### Work request
Only the lines from the one containing "SPACE MAN SHIRTS(BLACK)" to the end of the listing below should be returned, exactly as written and without pictures.

___ Given data

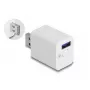 Smart stopcontact DeLOCK 11828 binnen Wi-Fi 2 A wit
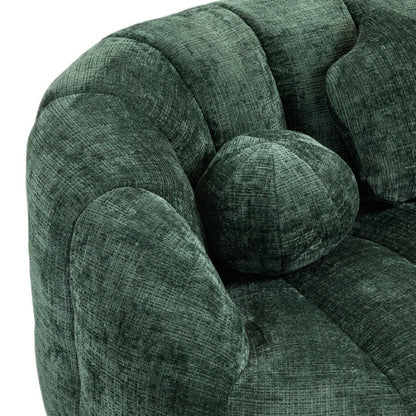 Bean Bag Sofa Lazy Sofa Durable Comfort Lounger High Back Bean Bag Chair Couch for Adults and Kids, Emerald Chenille-海智集-Default-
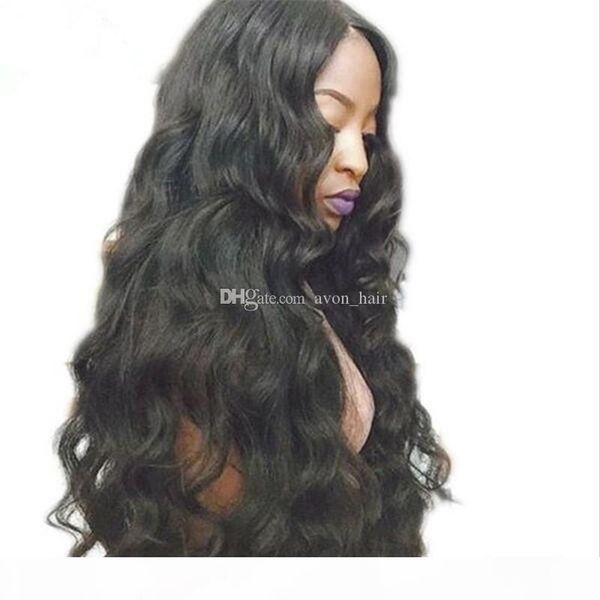 middle part 8a body wave wavy human hair wigs glueless full lace wigs with baby hair 130% density 10-30 inch for black woman, Black;brown
middle part 8a body wave wavy human hair wigs glueless full lace wigs with baby hair 130% density 10-30 inch for black woman, Black;brown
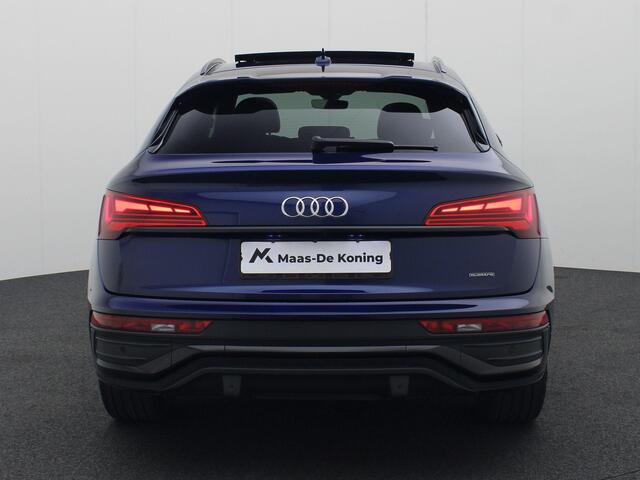 Audi Q5 Sportback 50 TFSIe 220kW/299PK S Line · Panoramadak · Camera · Luchtvering · Trekhaak ·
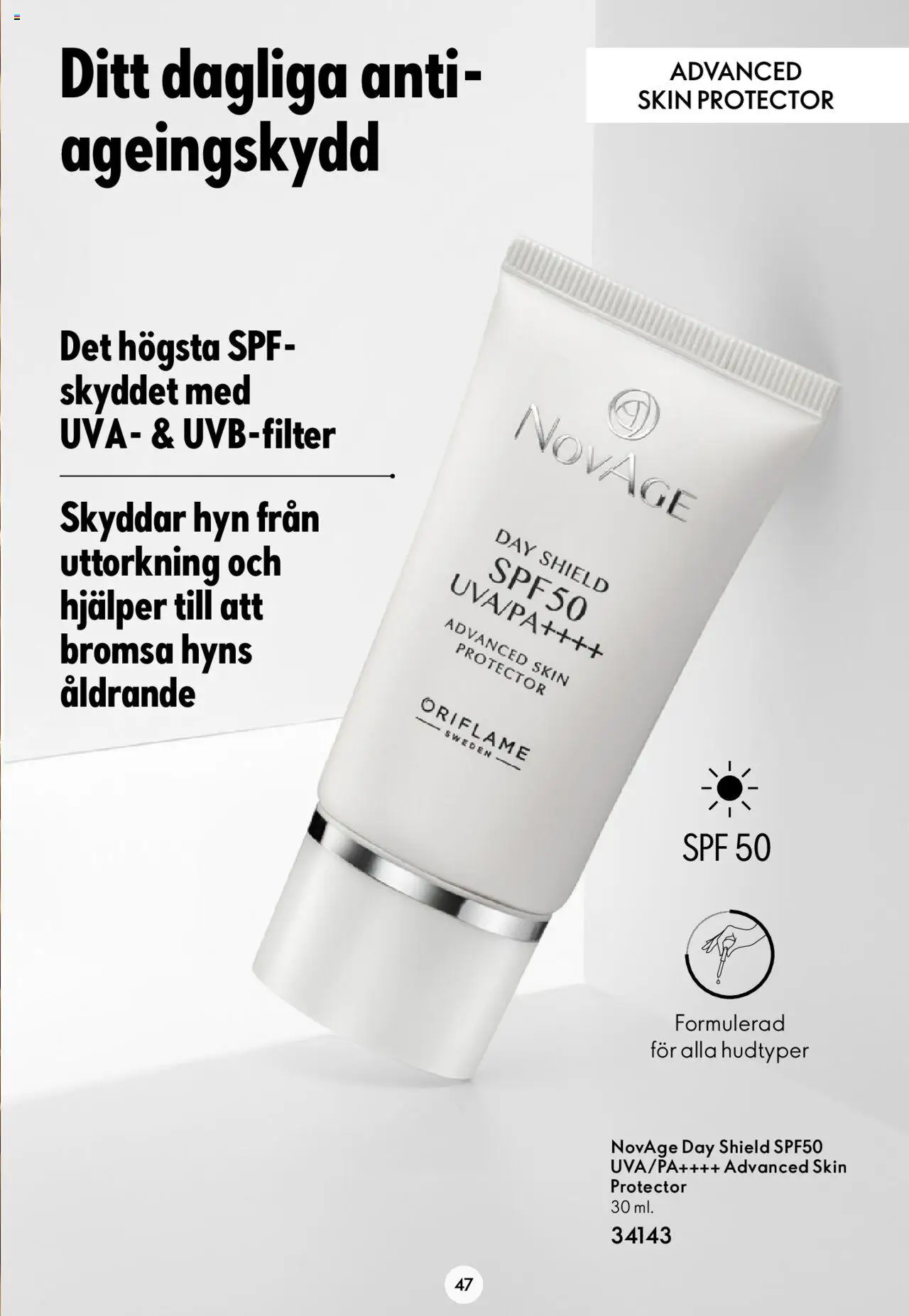 Oriflame reklamblad aktuell från 23.11.2023 | Sida: 47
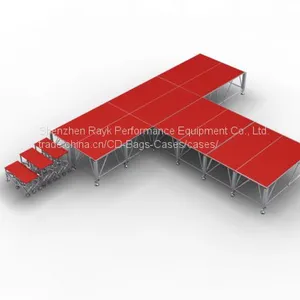Outdoor Aluminum Exhibition Stage With CE Approved (RK-ASP1X1C) thumbnail-1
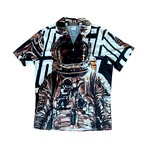 SPACE MAN SHIRTS(BLACK)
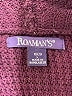 Roaman's 100% Acrylic Purple Pullover Sweater Size 18 - 20 - photo 7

______

### Result
 SPACE MAN SHIRTS(BLACK)
 Roaman's 100% Acrylic Purple Pullover Sweater Size 18 - 20 - photo 7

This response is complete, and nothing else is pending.